Traducción del texto original de Arthur de Grave para el Magazine de OuiShare en francés.Por una vez, iré directo al grano: la economía colaborativa se ha terminado. Así es. Es un poco triste, pero es así. No porque las nefastas plataformas capitalistas hayan llegado a explotar vergonzosamente los impulsos altruistas y desinteresados de los ciudadanos, de los prosumidores (¡mira que estos estúpidos palabros envejecerán mal!), o cualquier otra bobada de ese tipo.
No. La economía colaborativa ha muerto simplemente porque el concepto ha perdido todo su poder explicativo. Y tampoco es un drama. Al fin y al cabo, las categorías de pensamiento no son eternas. La mayoría permite aclarar fenómenos nuevos durante un tiempo, pero acaban por enmascarar la realidad más que explicarla. Una vez se llega a ese punto de no retorno, solo hay una solución: la eutanasia. Señoras y señores, aquí tienen el réquiem a la economía colaborativa.
HA MUERTO COMO VIVIÓ
Conocí bien la economía colaborativa. Me codeé con ella cada día durante tres años. Con mis compañeros de OuiShare, fuimos parte de quienes contribuyeron a forjar el concepto. ¿Qué teníamos en la cabeza en ese momento? ¿Éramos jóvenes e ingenuos? Sin duda, un poco: no se es serio cuando se tienen 25 años. Mas, no esperen que entone, debidamente en tiempo y forma, un mea culpa. Teníamos nuestras razones. Antes, no teníamos la necesidad de hablar la lengua de la economía del compartir. En el mejor de los casos, nos aburría; en el peor, nos parecía de la peor hipocresía. No solamente porque la ideología del sharing –esa especie de colectivismo en rebajas y a la última– servía de burda tapadera a las estrategias de adquisición de clientes de las plataformas californianas que entraban entonces triunfalmente en París, ¡y, qué demonios, eso no va con nosotros, franceses de espíritu racionalista! Sino, sobre todo, porque aglutinaba bajo su estela toda una multitud de maestrillos un tanto sospechosos, que parecían esperar esa gran transformación a través de la suma de cambios de comportamiento individuales. ¡La virtud al poder!

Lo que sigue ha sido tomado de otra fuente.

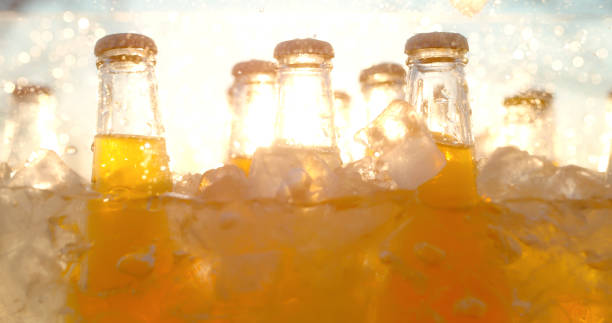 istock Golden Soda Bottles in Ice with Sunset Glow 2203775638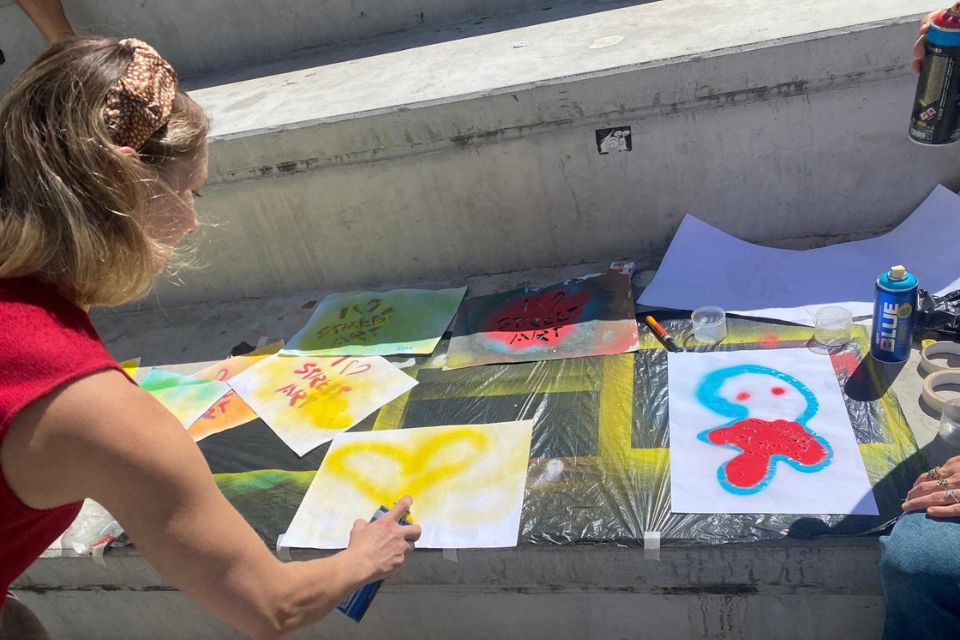 Student painting during a graffiti workshop in Lavapiés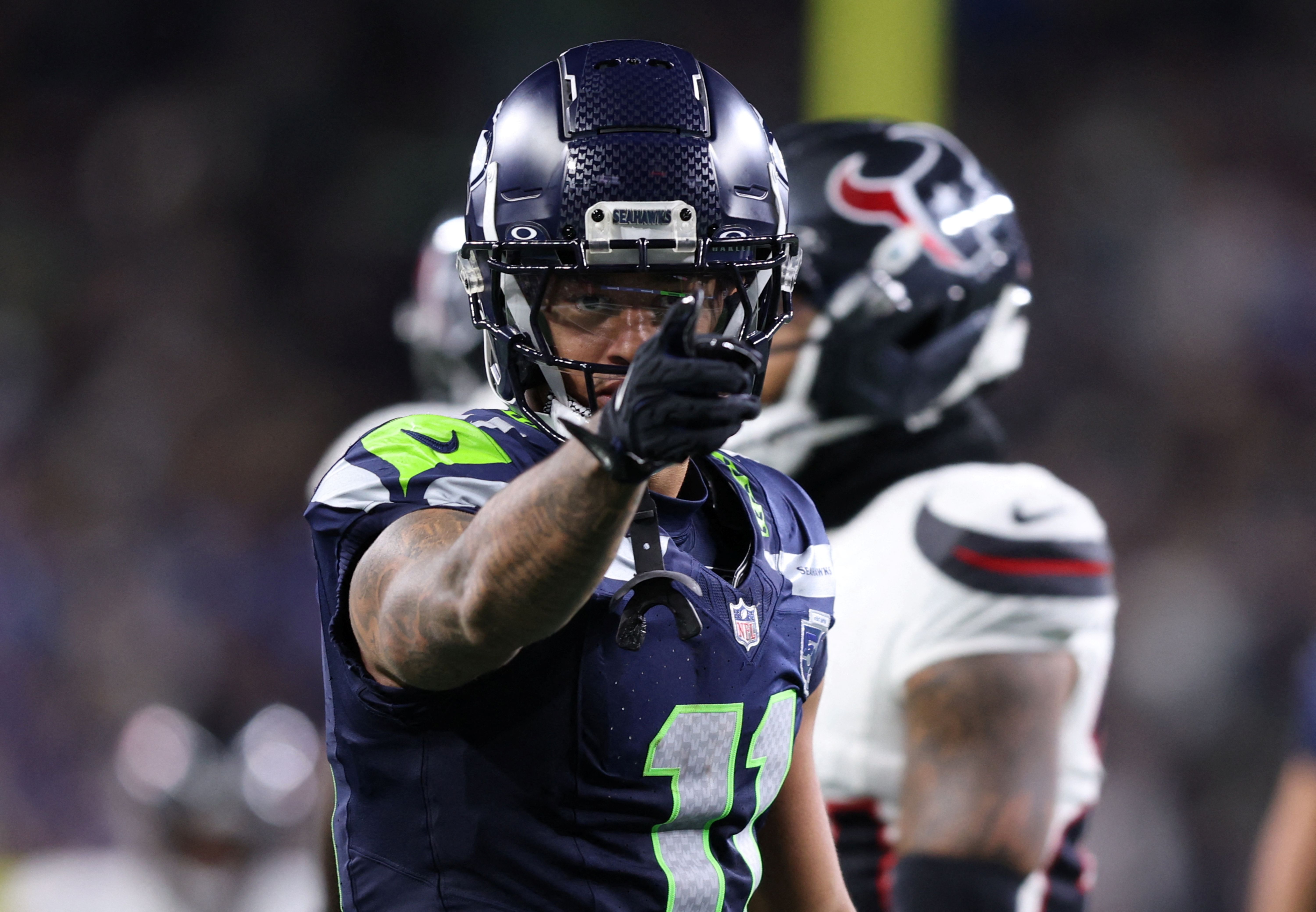 Seattle Seahawks wide receiver Jaxon Smith-Njigba celebrates after a first down as we look at our 49ers vs. Seahawks prediction.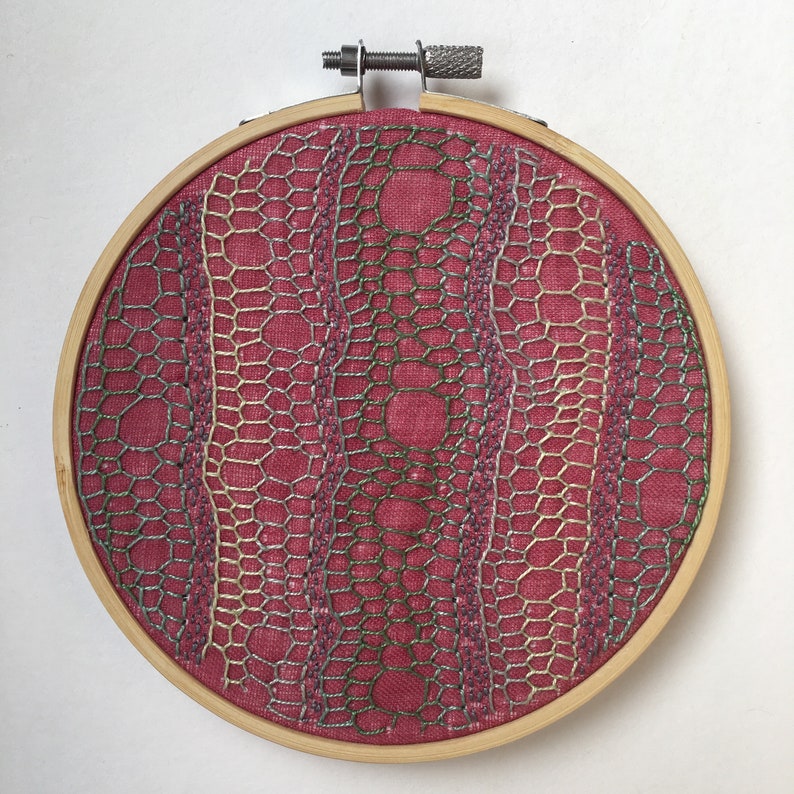 May include: A circular embroidery hoop with a pink fabric background and a detailed design of overlapping geometric shapes in shades of green, silver, and gold.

Antes, no teníamos la necesidad de hablar la lengua de la economía del compartir. En el mejor de los casos, nos aburría, en el peor, nos parecía de la peor hipocresía.
Personalmente, esas elucubraciones siempre me han parecido tan estúpidas como la idea de moralización del capitalismo tan querida por el anterior inquilino del Elíseo. Al contrario, la respuesta debía ser sistémica, y el término colaborativo nos parecía menos cargado, más neutro en el plano axiológico, por decirlo pomposamente. Con éste, no nos imaginábamos a Cristo partiendo el pan y el vino con sus discípulos y, con un poco de suerte, se podían evitar debates estériles sobre el empresario y el no-empresario, la codicia más voraz y el altruismo puro y etéreo. Durante un tiempo.
POBRES DE BIENES, COMERCIANTES DE IDEAS
Colaborativo, así se define el sistema que no se construyen ni sobre jerarquía ni sobre competencia. Esta definición nos permite señalar una forma de singularidad –en el sentido físico del término- en el seno de la economía de mercado, que, después de todo, no es más que la suma de estructuras organizadas verticalmente entrando en competencia entre ellas por el acceso a los recursos. Y esto no es en absoluto estúpido.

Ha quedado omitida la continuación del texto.